** Opening Data records block **

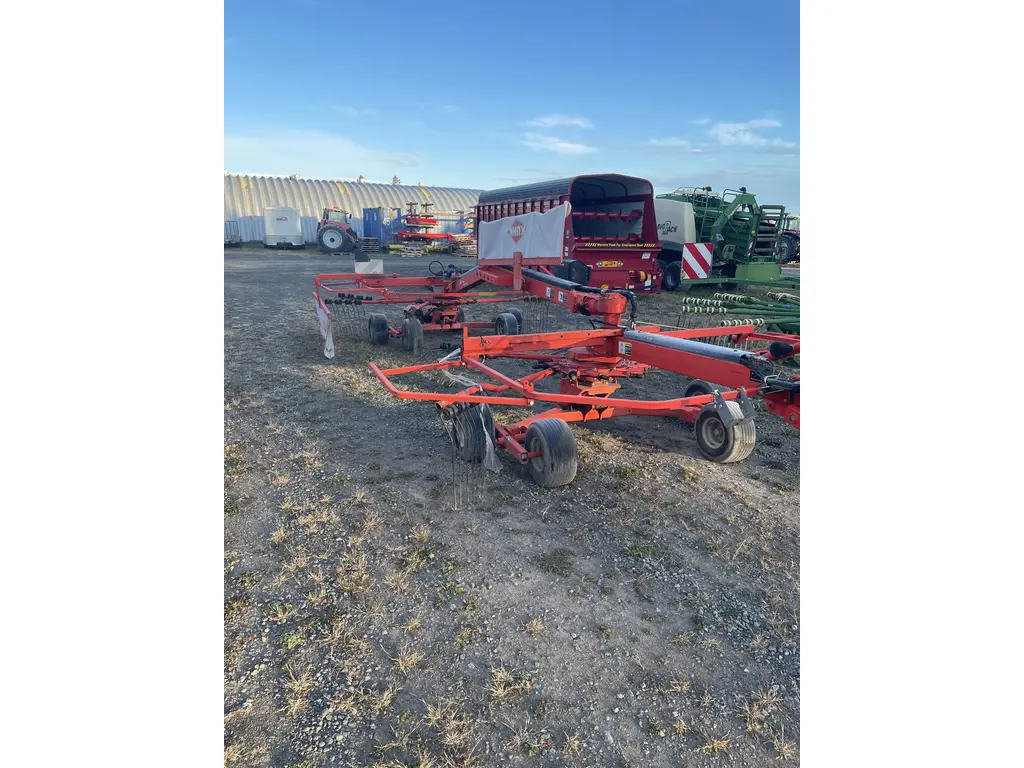 2010 Kuhn GA7922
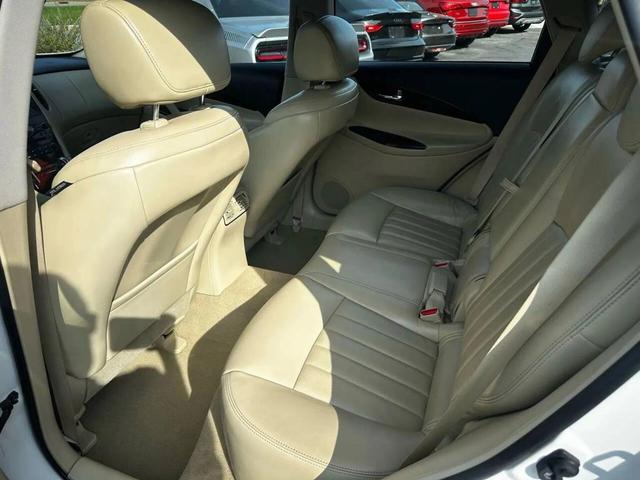 Photo of 2016  INFINITI QX50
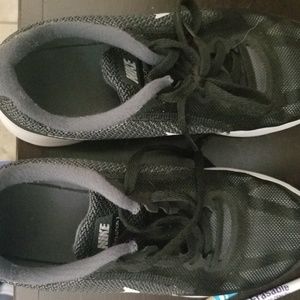 Boys Nike Tennis Shoes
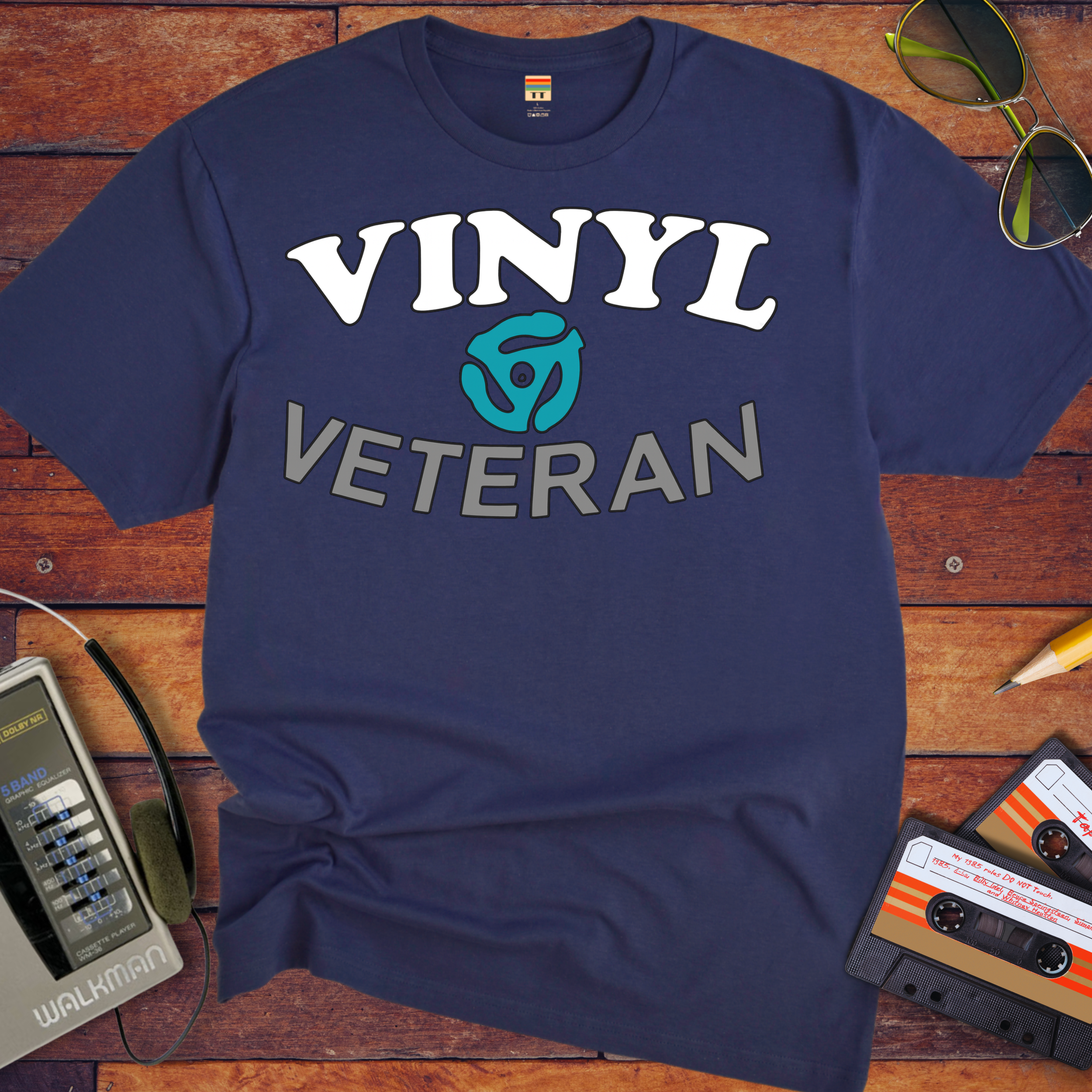 'VINYL VETERAN' T-Shirt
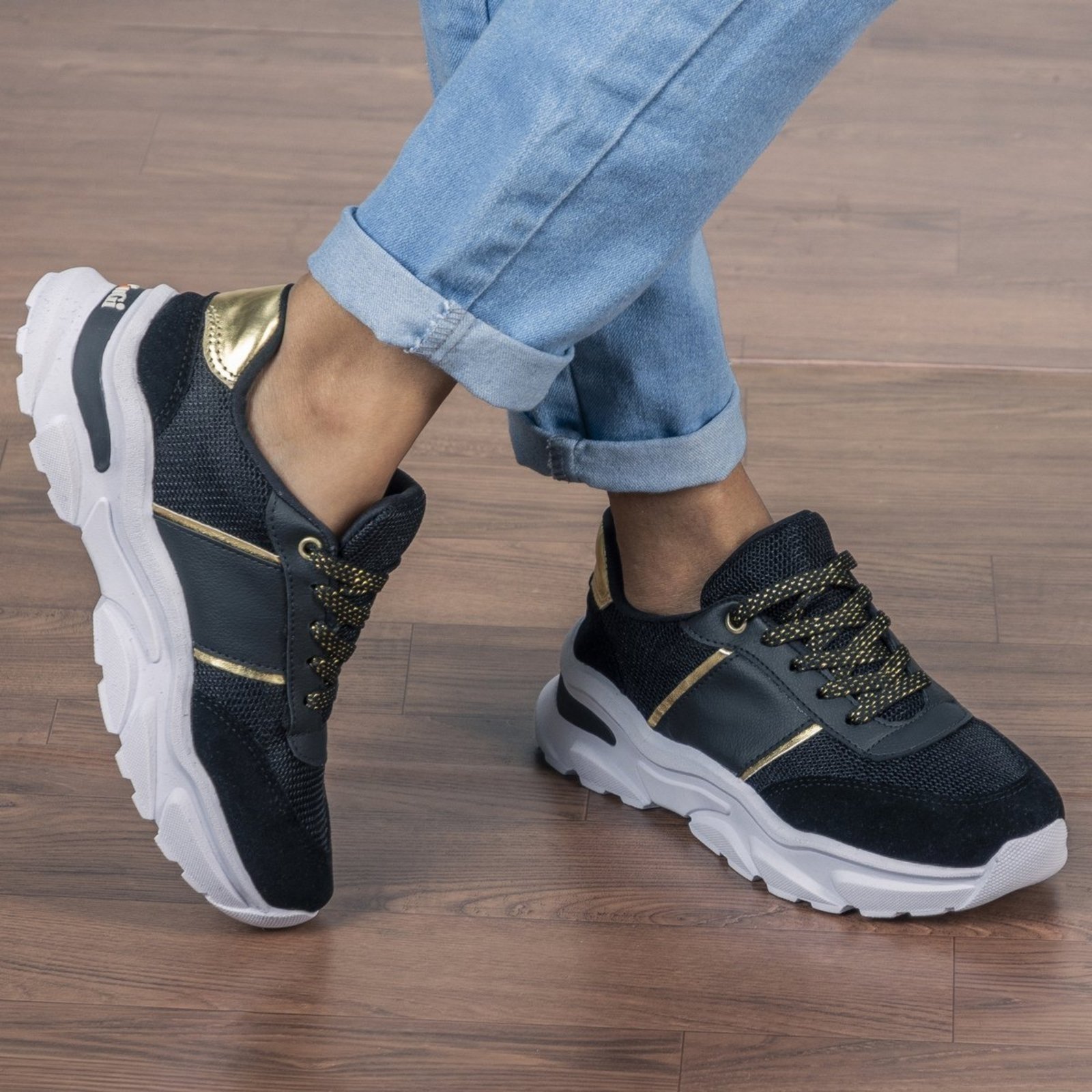 Tênis Feminino De Caminhada GuGi Sneaker Casual Fiorella Sola Micro Expandida Macia Preto e Dourado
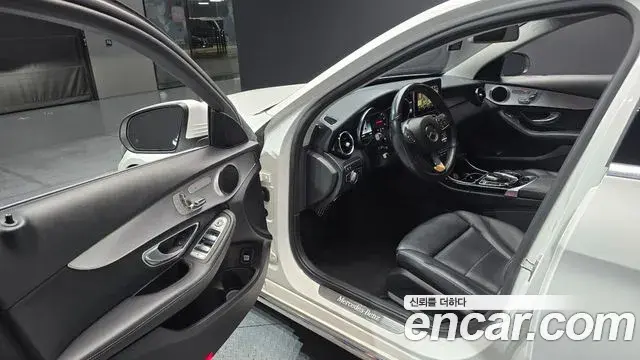 Mercedes-Benz C-Class 2018 — ფოტო 8/34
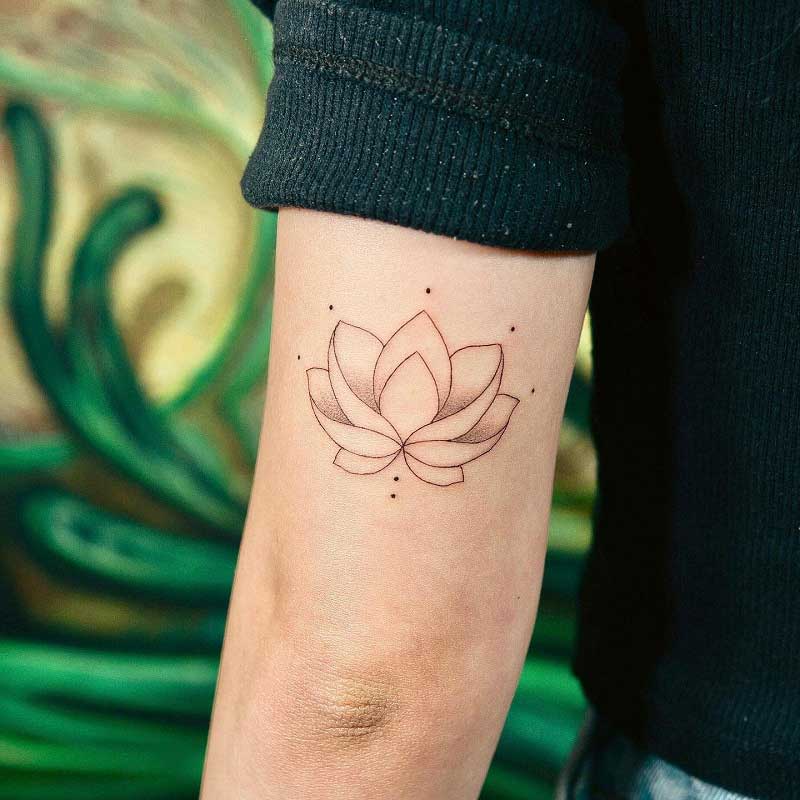 gilded-lotus-tattoo-1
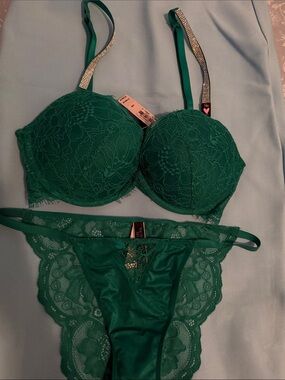 PINK Victoria's Secret Emerald Green Lace Push-Up Bra & Lace Brief Set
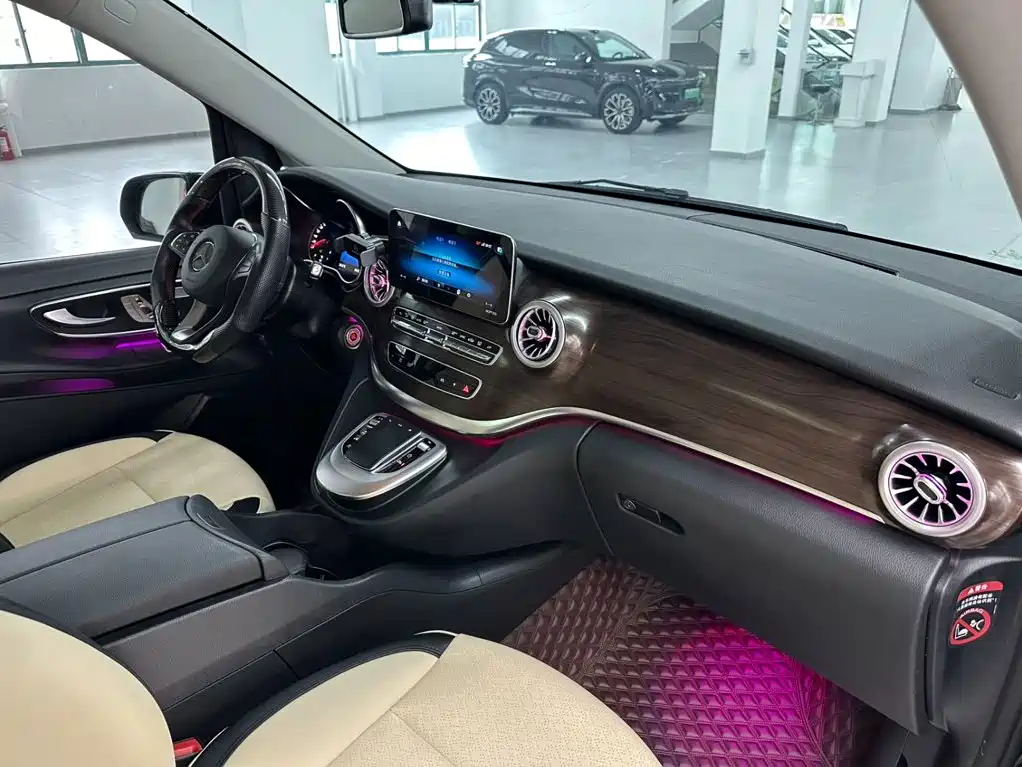 Mercedes-Benz V-Class — миниатюра 7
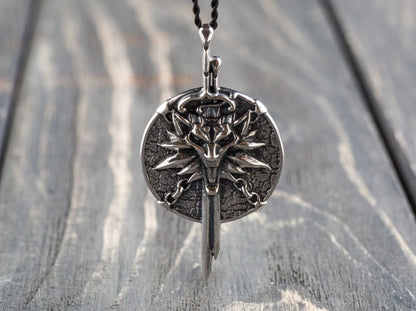 {{jewelry_for_geeks}} - {{ GameFanCraft}} Pendant Silver Witcher Wolf Head Pendant with Swords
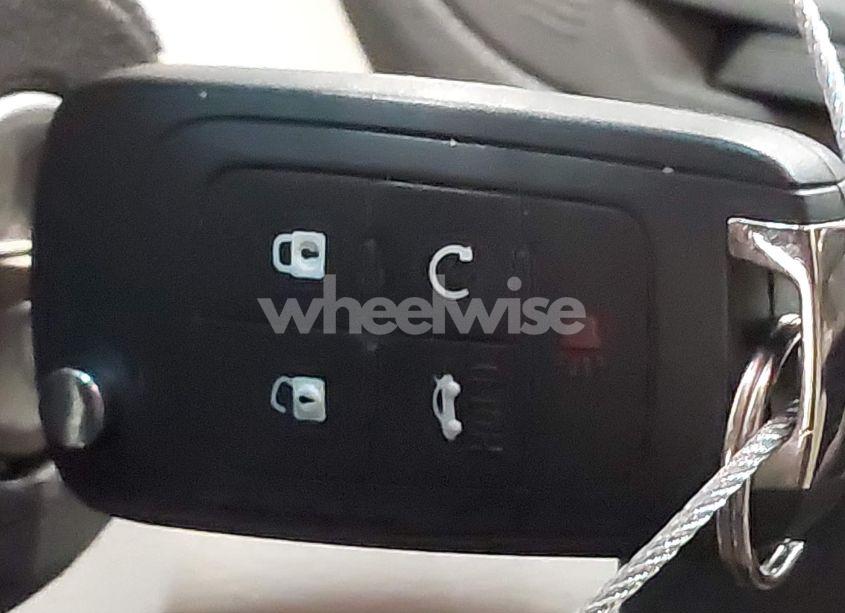 Photo 11 of 2010 Chevrolet Equinox LTZ (VIN 2CNFLGEY2A6220396)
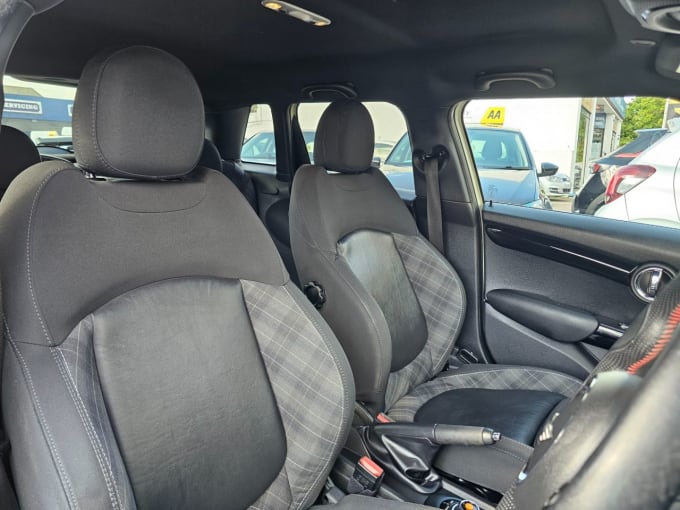 2025 Mini Hatch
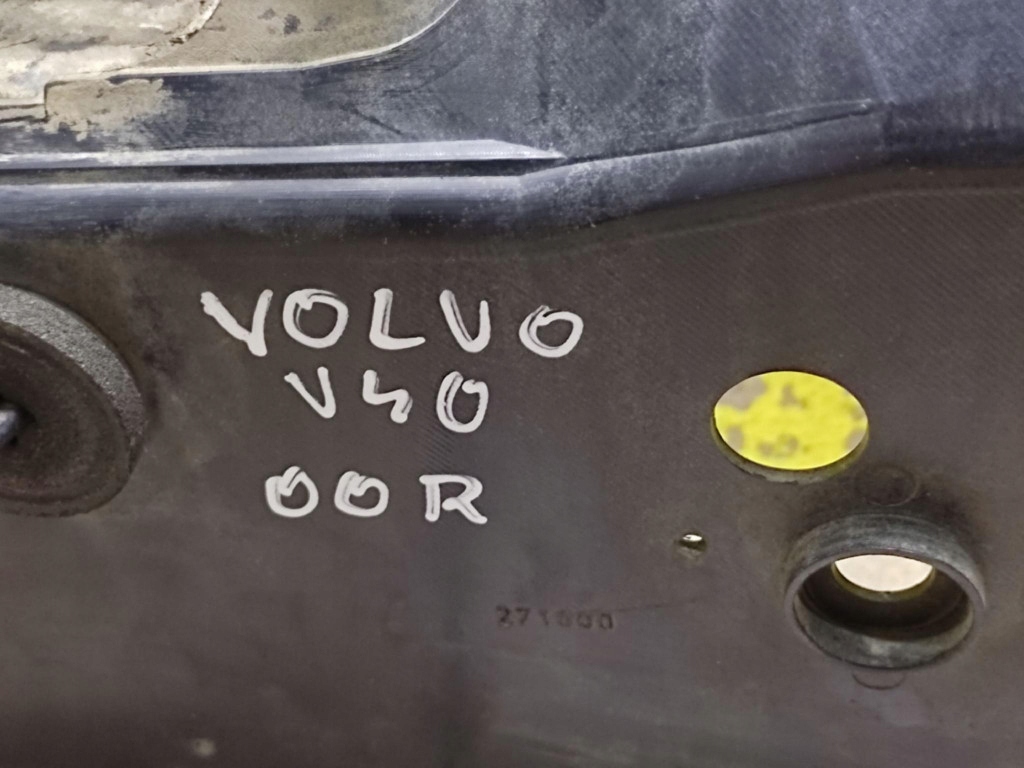 VOLVO V40 cap bonnet rear part 285800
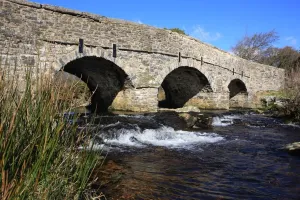 Drucke von Der neue Brücke über den Ost-Dart-Fluss auf dem Dartmoor bei Postbrücke Postbrücke Drucke: Brückenpost in Devon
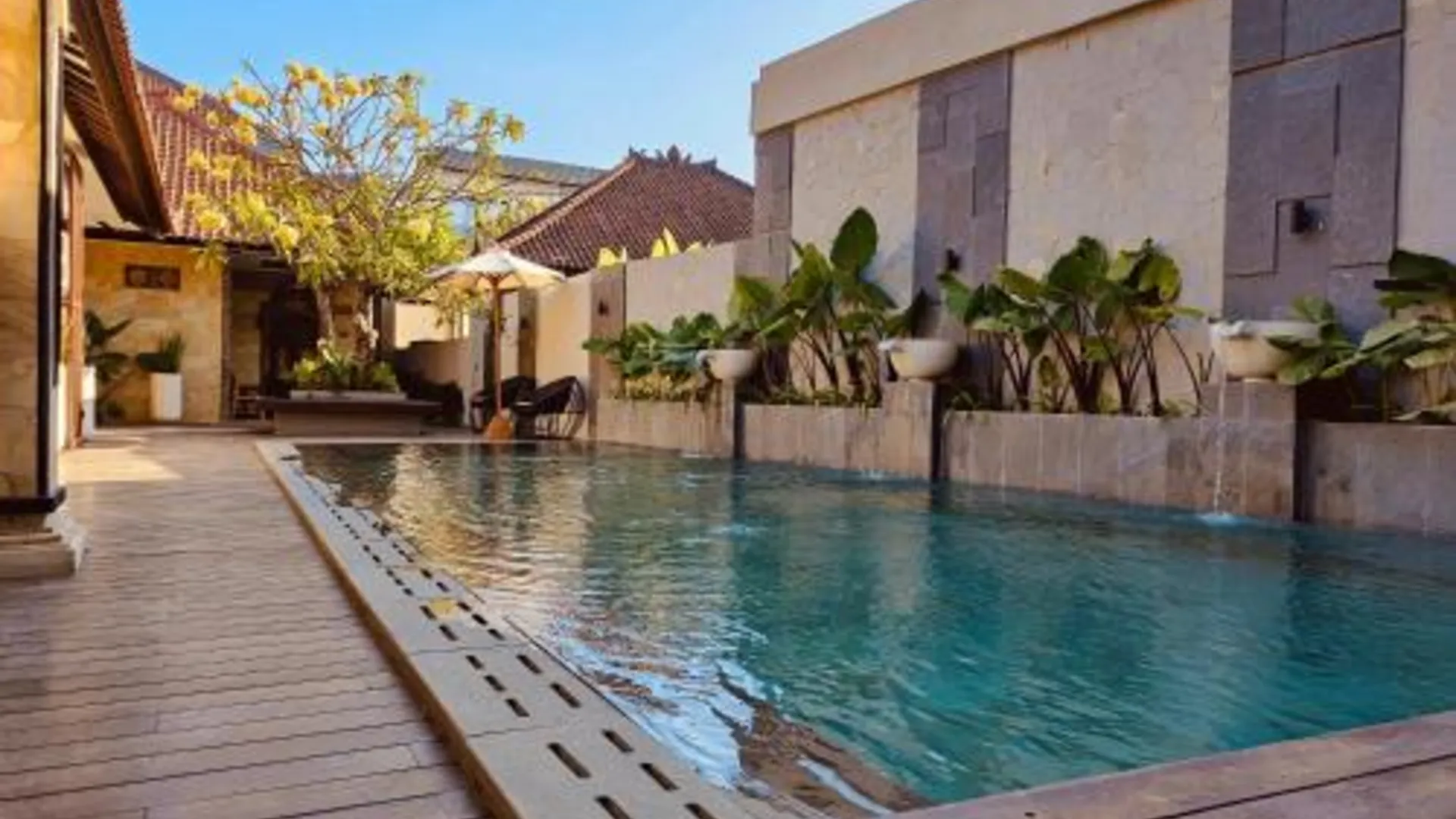 발리 라바스타 엔조이 쿠타 3성급 호텔 로비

** Closing Data records block **

Aim of the exercise
Output the line that contains "Photo 11 of" and every subsequent line through the end of the entries, exactly as given, without pictures.

Answer section
 Photo 11 of 2010 Chevrolet Equinox LTZ (VIN 2CNFLGEY2A6220396)
 2025 Mini Hatch
 VOLVO V40 cap bonnet rear part 285800
 Drucke von Der neue Brücke über den Ost-Dart-Fluss auf dem Dartmoor bei Postbrücke Postbrücke Drucke: Brückenpost in Devon
 발리 라바스타 엔조이 쿠타 3성급 호텔 로비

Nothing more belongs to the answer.